Als eine Verherrlichung des Gewaltherrschers Iwan will mir der Film auch heute nicht erscheinen. Zur Identifikation lädt er nur gelegentlich ein; allenfalls in seinen Momenten der Verletzbarkeit und Verzweiflung. Es fällt mir schwer, in diesem Pandämonium der Macht und des Verrats etwas zu erkennen, was sich als heroisch deuten ließe. Der Zweck, der die Mittel heiligt, ist ein schales Schauspiel. Selten öffnet sich der Film für Außenspielplätze, die Errichtung des Gehäuses Russland, seine Expansion und Abgrenzung (was angesichts des heutigen neoautoritären Staates natürlich von aktuellem geopolitischem Belang ist), ist eine ziemlich klaustrophische Seherfahrung. Weshalb der erste Teil Stalins Segen erhielt, er den zweiten aber vehement ablehnte, leuchtet mir nur insofern ein, als die Fortsetzung durchaus eine Verfallsgeschichte erzählt. Eisensteins Unberechenbarkeit scheint mir auch im ersten weniger eine ideologische, als eine stilistische Kategorie zu ein. Er nimmt einfach zu viel Groteskes in den Blick, als dass sich der Film dienstbar machen ließe. Hier kommt wieder die Atmosphäre ins Spiel, die mir erinnerlich blieb.
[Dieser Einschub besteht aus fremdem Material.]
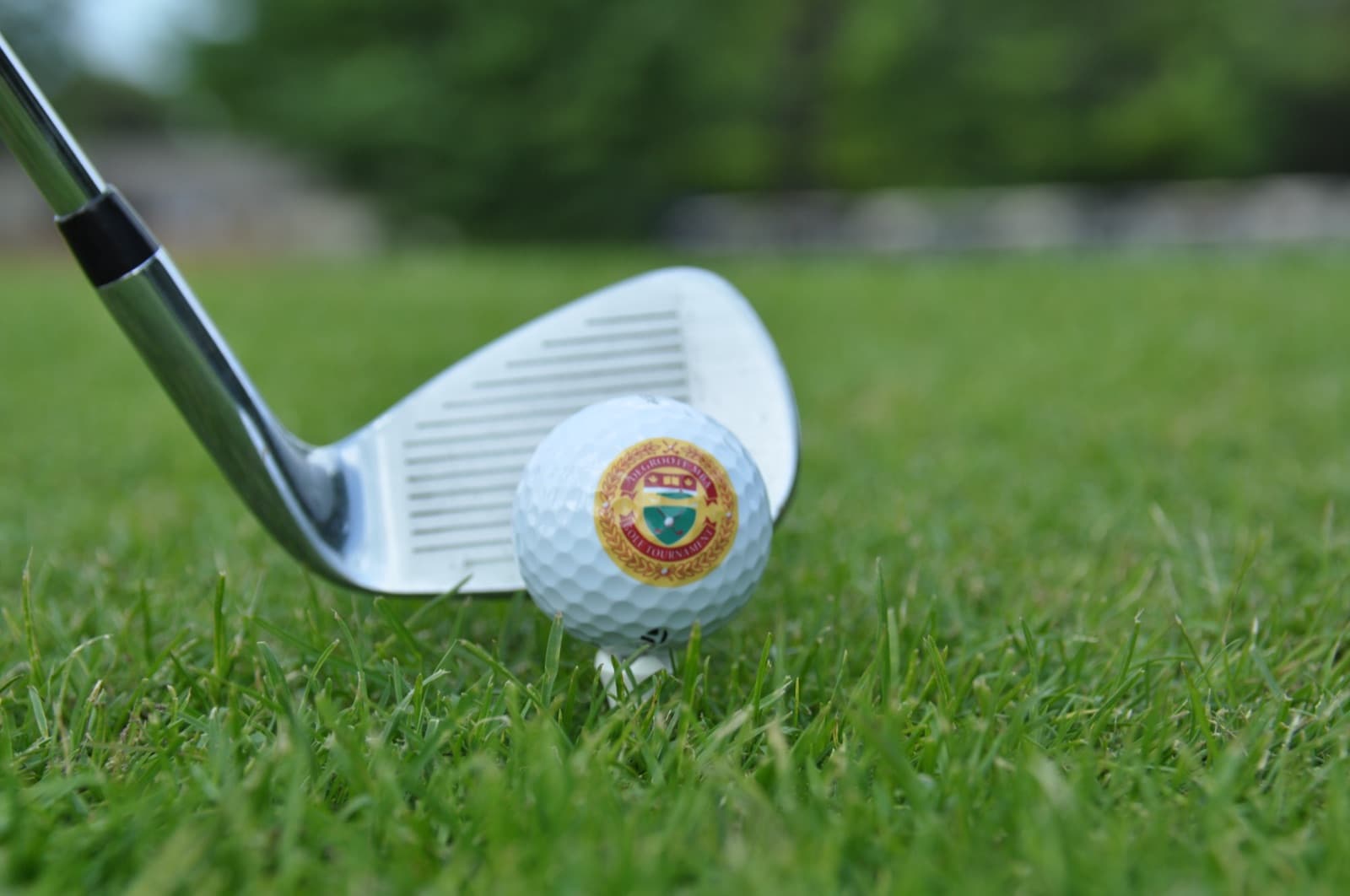 Close-up of an iron behind a golf ball carrying the tournament crest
Sie entsteht zu einem Gutteil aus den Bildern: den bizarren Großaufnahmen, in denen die übersteigert ausdrucksvolle Gesichter dominieren; den Halbnahen und Halbtotalen, in denen sich die Körper so weit verbiegen müssen, bis sie zu grafischen Elementen werden.
An diesem agilen Schillern zwischen Gestus und Thema hat Prokofjews Musik entscheidenden Anteil. Sie treibt den Film voran, klingt mal düster, mal hell, ist anspielungsreich, auch spöttisch. Sie fasst tiefe Wurzeln und reißt sie zuweilen auch heraus. Weder verdoppelt sie, was man sieht, noch fungiert sie eindeutig als Kontrapunkt. Vielmehr schmiegt sie sich auf vertrackte Weise dem Film an. Anstatt der Dramaturgie der Szenen zu folgen, reagiert sie auf Eisensteins Inszenierung. Seine Montage ist ja entschieden diskontinuierlich. Wo sich die Folge der Bilder nicht zu einer fließenden Bewegung verstehen will (und auch der Ton nicht synchron sein muss), kann auch die Melodik brüsk abbrechen. Prokefjews Musik ist unabhängig, ohne sich zu lösen. Sie passt.